Entscheidungsstichwort (Thema)
Gesamtsozialversicherungsbeiträge nach Betriebsübergang
Leitsatz (amtlich)
1. Der Gesamtsozialversicherungsbeitrag ist ein Anspruch eines Dritten gegen den Arbeitgeber und wird daher nicht von § 613a BGB erfasst.
2. Dieses Ergebnis ist auch nach der erforderlichen europarechtskonformen Auslegung von § 613a BGB nicht zu beanstanden.
Tenor
Der Beschluss des Sozialgerichts Halle vom 8. Februar 2010 wird abgeändert.
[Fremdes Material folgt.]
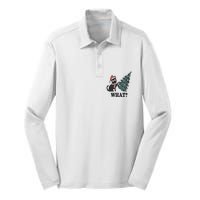 Cute Holiday Christmas Xmas Cat Cats Funny Tree Lights Silk Touch Performance Long Sleeve Polo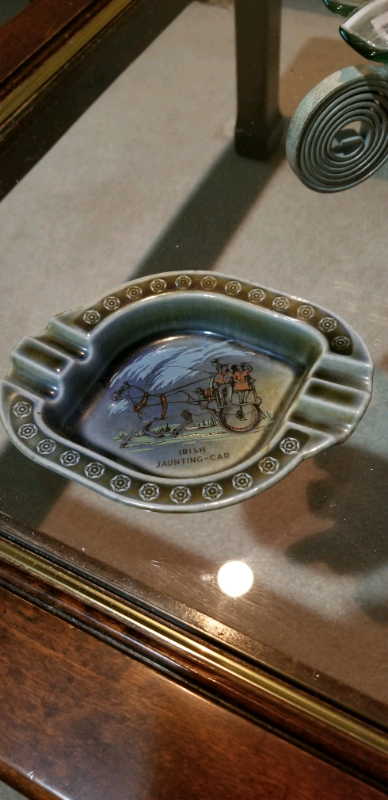 Irish porcelain ashtray  vintage, View more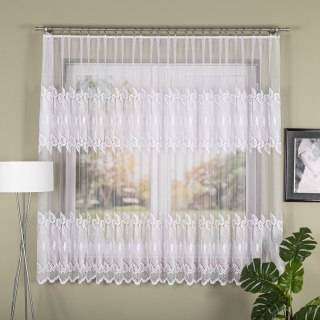 Firanka żakardowa na metry 049365 wysokość 170 cm kolor biały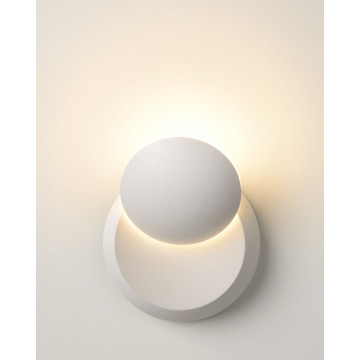 Настенный светодиодный светильник Lucide Luna 23240/04/31, IP54, LED 4W 3000K 360lm CRI80, белый, металл - миниатюра 4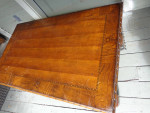 dark wood TV stand coffee table 51 x 29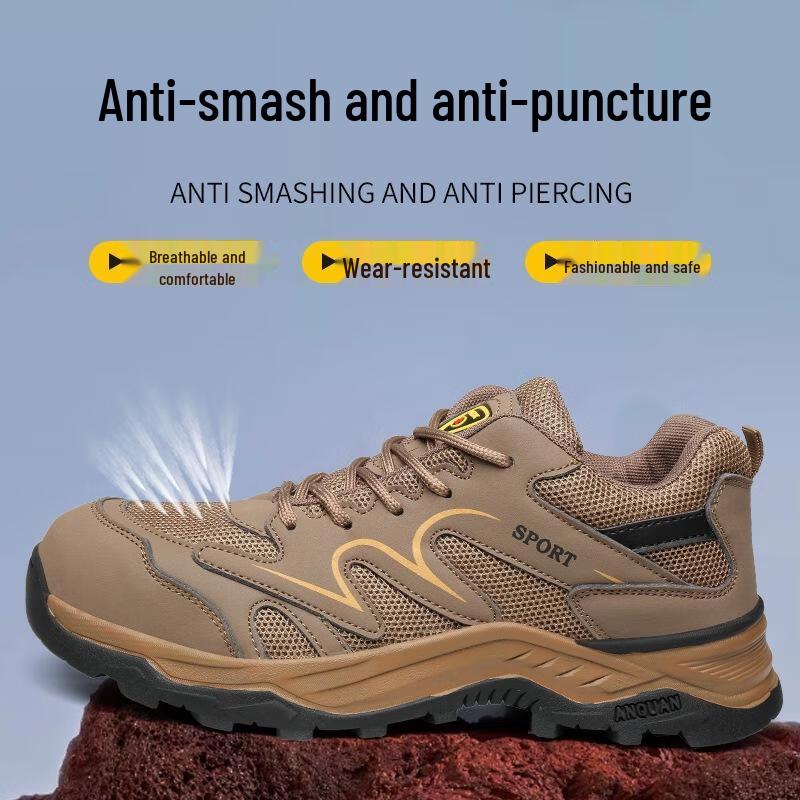 Miling Steel Toe Puncture Resistant Safety Work Shoes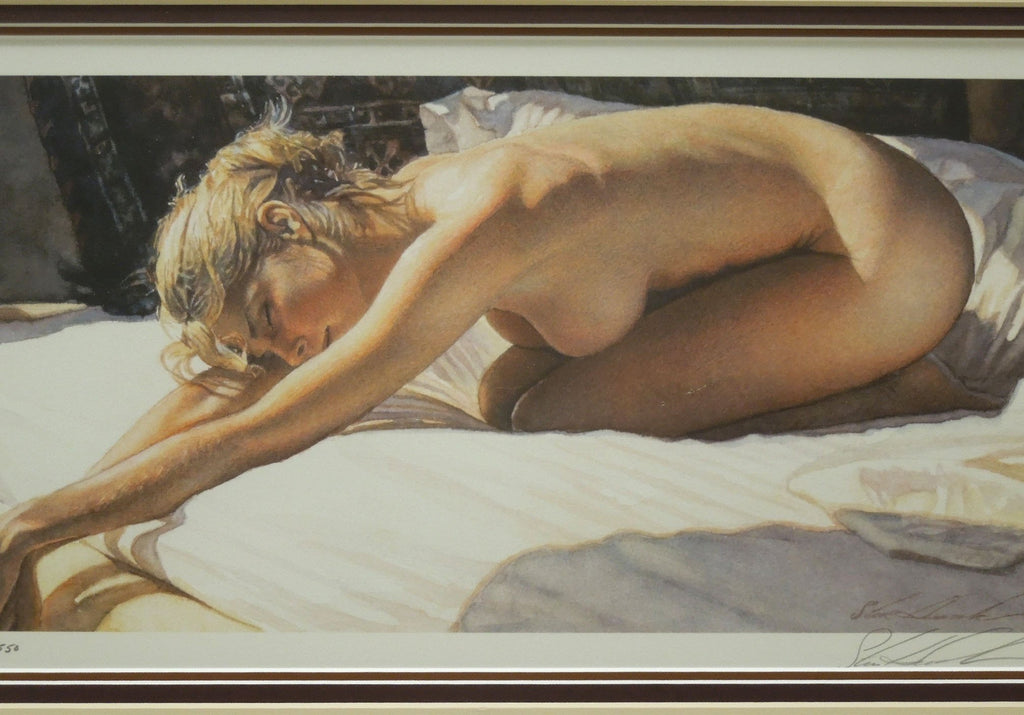 Steve Hanks "A Touch Of Warm Sunlight" Gallery Framed Hand Signed Print 34/550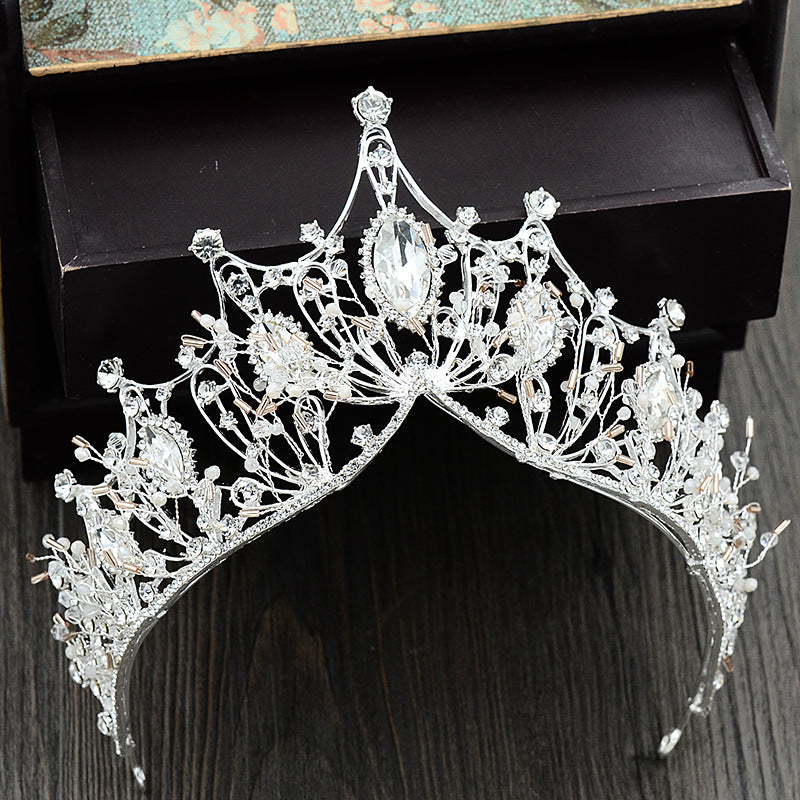 Women's Elegant Lady Streetwear Crown Alloy Inlay Artificial Crystal Rhinestones Crown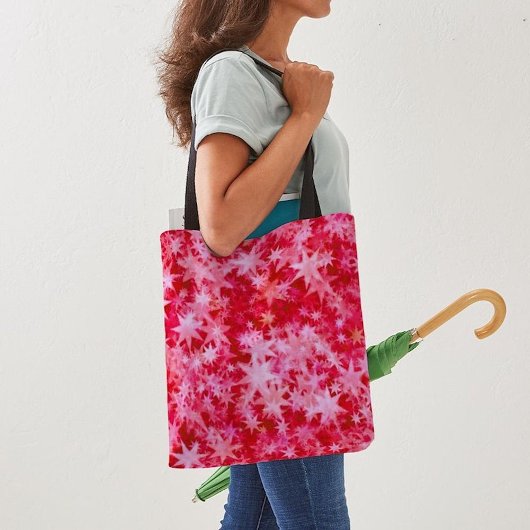 Tote Bag Noël Blush des étoiles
Die aufschiebende Wirkung der Klage vom 11. November 2009 gegen den Bescheid der Antragsgegnerin vom 16. Juli 2009 in der Gestalt des Widerspruchbescheides vom 26. Oktober 2009 wird ohne Stellung einer Sicherheitsleistung angeordnet.
Die Antragsgegnerin trägt die gerichtlichen und außergerichtlichen Kosten des Antragstellers.
Der Streitwert wird auf 7 401,52 EUR festgesetzt.
Gründe
I.
Der Antragssteller (Ast) begehrt einstweiligen Rechtsschutz in einer Beitragsstreitigkeit.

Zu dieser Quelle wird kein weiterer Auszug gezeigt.